While these technologies have become increasingly cost-competitive, the pace of their penetration into the market will be determined largely by government support for future research and development and incentives to deployment. That’s why we need to continue support for the Energy Department’s energy efficiency and renewable energy programs.

We also need to continue support for the renewable energy production tax credit — a key driver for the growth of wind energy in this country.

The credit expires at the end of this year, but it needs to be extended to give investors the market certainty they need for investments in wind, geothermal and solar energy, biomass and bioenergy sources, small irrigation power and municipal solid waste. Each of these renewable energy sources is potentially an enormous energy resource, and almost every state has renewable energy potential.
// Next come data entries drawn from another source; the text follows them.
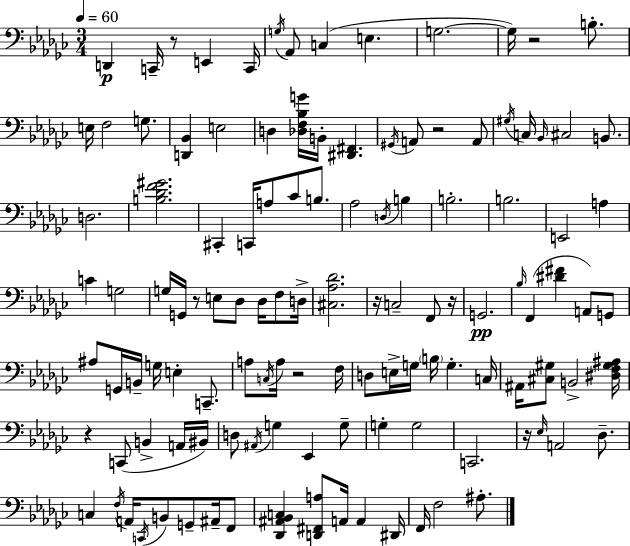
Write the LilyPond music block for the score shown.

{
  \clef bass
  \numericTimeSignature
  \time 3/4
  \key ees \minor
  \tempo 4 = 60
  \repeat volta 2 { d,4\p c,16-- r8 e,4 c,16 | \acciaccatura { g16 } aes,8 c4( e4. | g2.~~ | g16) r2 b8.-. | \break e16 f2 g8. | <d, bes,>4 e2 | d4 <des f bes g'>16 b,16-. <dis, fis,>4. | \acciaccatura { gis,16 } a,8 r2 | \break a,8 \acciaccatura { gis16 } c16 \grace { bes,16 } cis2 | b,8. d2. | <b des' f' gis'>2. | cis,4-. c,16 a8 ces'8 | \break b8. aes2 | \acciaccatura { d16 } b4 b2.-. | b2. | e,2 | \break a4 c'4 g2 | g16 g,16 r8 e8 des8 | des16 f8 d16-> <cis aes des'>2. | r16 c2-- | \break f,8 r16 g,2.\pp | \grace { bes16 }( f,4 <dis' fis'>4 | a,8) g,8 ais8 g,16 b,16-- g16 e4-. | c,8.-- a8 \acciaccatura { c16 } a16 r2 | \break f16 d8 e16-> g16 \parenthesize b16 | g4.-. c16 ais,16 <cis gis>8 b,2-> | <dis f gis ais>16 r4 c,8( | b,4-> a,16 bis,16) d8 \acciaccatura { ais,16 } g4 | \break ees,4 g8-- g4-. | g2 c,2. | r16 \grace { ees16 } a,2 | des8.-- c4 | \break \acciaccatura { f16 } a,16 \acciaccatura { c,16 } b,8 g,8-- ais,16-- f,8 <des, ais, bes, c>4 | <d, fis, a>8 a,16 a,4 dis,16 f,16 | f2 ais8.-. } \bar "|."
}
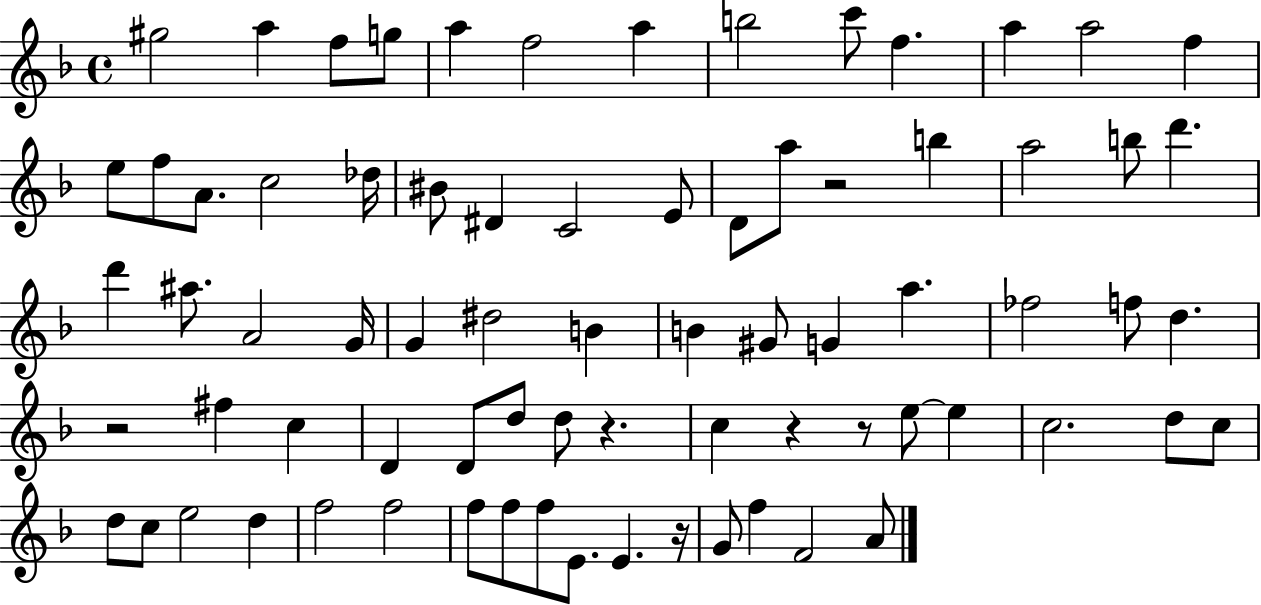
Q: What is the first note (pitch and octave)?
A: G#5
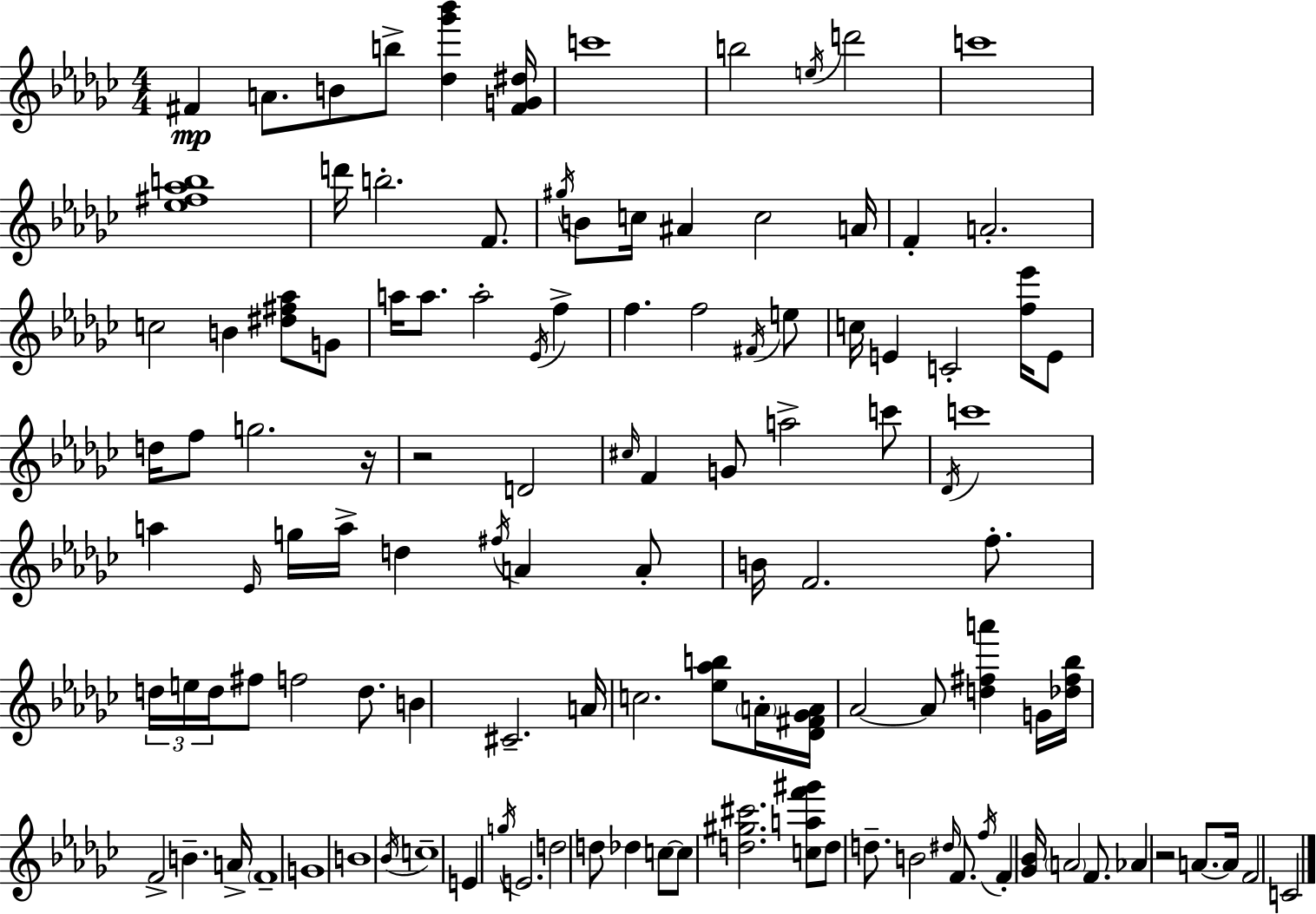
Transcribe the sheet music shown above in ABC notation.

X:1
T:Untitled
M:4/4
L:1/4
K:Ebm
^F A/2 B/2 b/2 [_d_g'_b'] [^FG^d]/4 c'4 b2 e/4 d'2 c'4 [_e^f_ab]4 d'/4 b2 F/2 ^g/4 B/2 c/4 ^A c2 A/4 F A2 c2 B [^d^f_a]/2 G/2 a/4 a/2 a2 _E/4 f f f2 ^F/4 e/2 c/4 E C2 [f_e']/4 E/2 d/4 f/2 g2 z/4 z2 D2 ^c/4 F G/2 a2 c'/2 _D/4 c'4 a _E/4 g/4 a/4 d ^f/4 A A/2 B/4 F2 f/2 d/4 e/4 d/4 ^f/2 f2 d/2 B ^C2 A/4 c2 [_e_ab]/2 A/4 [_D^F_GA]/4 _A2 _A/2 [d^fa'] G/4 [_d^f_b]/4 F2 B A/4 F4 G4 B4 _B/4 c4 E g/4 E2 d2 d/2 _d c/2 c/2 [d^g^c']2 [caf'^g']/2 d/2 d/2 B2 ^d/4 F/2 f/4 F [_G_B]/4 A2 F/2 _A z2 A/2 A/4 F2 C2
It has long been understood that renewable energy sources can reduce air pollution and other environmental impacts from energy production and use. But it is increasingly clear that renewable energy can also benefit national security by reducing our reliance on oil imports.

It can also create hundreds of new domestic businesses, supporting thousands of American jobs and opening new international markets for American goods and services.

Energy efficiency must also play a central role in our nation’s energy policy. In this decade, an energy-technology or “Entech” economy utilizing energy efficient technologies for buildings, homes, transportation, power systems and industry could do for the United States what information technology did for the country in the late 1980s and early 1990s.

Transportation presents one of the greatest challenges for the efficient use of energy.

Research programs like Freedom CAR and the Vehicle Technologies Program are advancing short- and long-term goals to transform our transportation system by developing emissions-free, less expensive and more reliable vehicles. An eventual transition to fuel cells could completely replace petroleum-fueled automobile combustion engines. Hydrogen fuel-cell vehicles only emit water and heat, and the hydrogen feedstock can be found in any number of potential sources, including renewables.

As this technology becomes affordable and dependable, infrastructures that support hydrogen fuel cells will be developed and widely accessed. The marketplace has a tremendous appetite for the widely successful hybrid vehicles and advanced combustion technologies.

Hybrids and advanced engines demonstrate how government and private partnerships can work to control emissions and support the introduction of groundbreaking technologies into the marketplace.

Partnerships between the coal industry and government agencies are using technologies that will address inefficiencies for today and tomorrow.

The Clean Coal Power Initiative is currently developing advanced, coal-based power generation technologies that could successfully reduce pollutant levels of older coal-burning plants, keeping coal a substantial part of the nation’s energy mix.

Technologies that save energy in our homes and offices are directly related to proven research discoveries in generation and transmission. Space heating and cooling use 46 percent of all energy consumed in U.S. residential and business sites. Pioneering materials used in buildings, appliances and heating-cooling design construction could reduce almost all energy losses.

Obviously, both Democrats and Republicans understand that energy security should be a top national priority. Recently, advisers from previous administrations highlighted their concerns in a letter to President Bush.

We share these concerns. With gasoline prices hitting new highs every week and the summer travel season fast approaching, now is the time to act.

Energy security is homeland security. Energy security is essential to preserving our freedom and independence. We have the technology base to rapidly deploy systems that can secure our country’s future. The question for us in 2005 is, do we have the will to take the necessary steps to get there?

Our country faces many challenges on many fronts. If lawmakers are brutally honest about what crises are in the making, we should look no further than energy and know we must act soon.

Reps. Zach Wamp (R-Tenn.) and Rep. Mark Udall (D-Colo.) co-chair the Renewable Energy and Energy Efficiency Caucus.